Tables des matières
La Zone du Dehors est un roman d’anticipation d’Alain Damasio. J’ai connu cet auteur il y a quelques années lorsqu’on m’a offert son autre livre, la Horde du Contrevent (fantasy) ; il est rare de trouver un livre avec une telle force, une telle majesté que l’on ne peut plus se décrocher de la lecture, pendant laquelle on sent son âme se retourner. Damasio possède un style très particulier, plein de vie et incroyablement varié : dans ses œuvres plusieurs personnages font le narrateur tour à tour, et chacun possède son propre style (surtout dans la Horde). Le récit ne s’essouffle jamais et se trouve parsemé de réflexions philosophiques. La Zone du Dehors s’inscrit dans la lignée de 1984 et du Meilleur des mondes, présentant au lecteur une société si démocratique que toute nuance et toute vie s’est effacée.
Le contexte
Après la Quatrième Guerre Mondiale, la Terre est dévastée ; des colons ont quitté la Terre pour s’installer sur un satellite de Saturne pour y fonder Cerclon I, une société démocratique fondée entièrement sur les principes du capitalisme poussés à leurs extrêmes. En effet, tous les deux ans chaque citoyen doit noter ses collègues, sa famille, ses amis, etc. afin que soit attribué un rang à chacun – ce système s’appelle le Clastre. À ce rang est attaché un nom (donné par la suite de lettre permettant d’obtenir ce numéro : A pour le premier – le président, BA pour le 53è, etc.), et donc toute personne qui est promue doit changer de nom ; l’être humain est devenu parfaitement interchangeable et n’a de valeur que par sa performance.
La majeure partie de la vie est basée sur la consommation (d’objets inutiles, évidemment) et il est impossible de trouver un lieu public sans publicités, que ce soit sous forme de bande sonore, de film ou de personnes qui viennent discuter avec les passants.
Les déplacements sont surveillés en permanence, de même que les horaires de travail et de loisir. Chaque citoyen possède un fichier informatique qui contient toutes les informations sur lui, depuis ses habitudes jusqu’à son profil psychologique, en passant par ses relations.
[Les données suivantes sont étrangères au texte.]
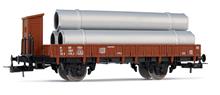 FLAT CAR WITH PIPES LOAD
L’art, la philosophie et tout ce qui faisait vibrer l’âme humaine est mort ; tout a été sacrifié au prix de l’uniformisation de la population. Les personnes ont oublié ce que c’était que d’être vraiment proches des autres, d’avoir de vrais amis.
En résumé, ce slogan : « Souriez vous êtes gérés. »
L’histoire
Le récit est centré principalement sur Captp, professeur de philosophie et dirigeant de la Volte, mouvement anarchique qui cherche à faire prendre conscience de l’absurdité du système. Nous assistons à une transformation du mouvement, qui abandonne les anciennes méthodes – discours et tracts – pour devenir plus virulent en voyant que la situation ne s’améliore pas.
Par exemple un nouveau type de produits, les biopuces, viennent d’être mis sur le marché : ils se greffent sur la moelle épinière et permettent à divers programmes d’agir directement sur le cerveau de la personne, par exemple pour lui faire ressentir plus profondément la musique, ou de l’ardeur amoureuse, etc. Captp comprend que, caché derrière ces nouveaux plaisirs, se cache un instrument de contrôle de premier ordre pour le gouvernement.
Nous assistons à de nombreux développements sur le pouvoir et le contrôle des masses, mais aussi sur la volonté et la liberté, sur la vie et sur l’exaltation. L’âme s’éveille et palpite lors de ces passages.
Conclusion
Ce livre est vraiment passionnant. Les réflexions philosophiques sont particulièrement intéressantes et bien menées, sans toutefois venir ralentir l’action. La vision proposée par la Volte est peut-être trop anarchiste, mais cela ne peut être pire qu’une société aussi aseptisée que celle décrite ici.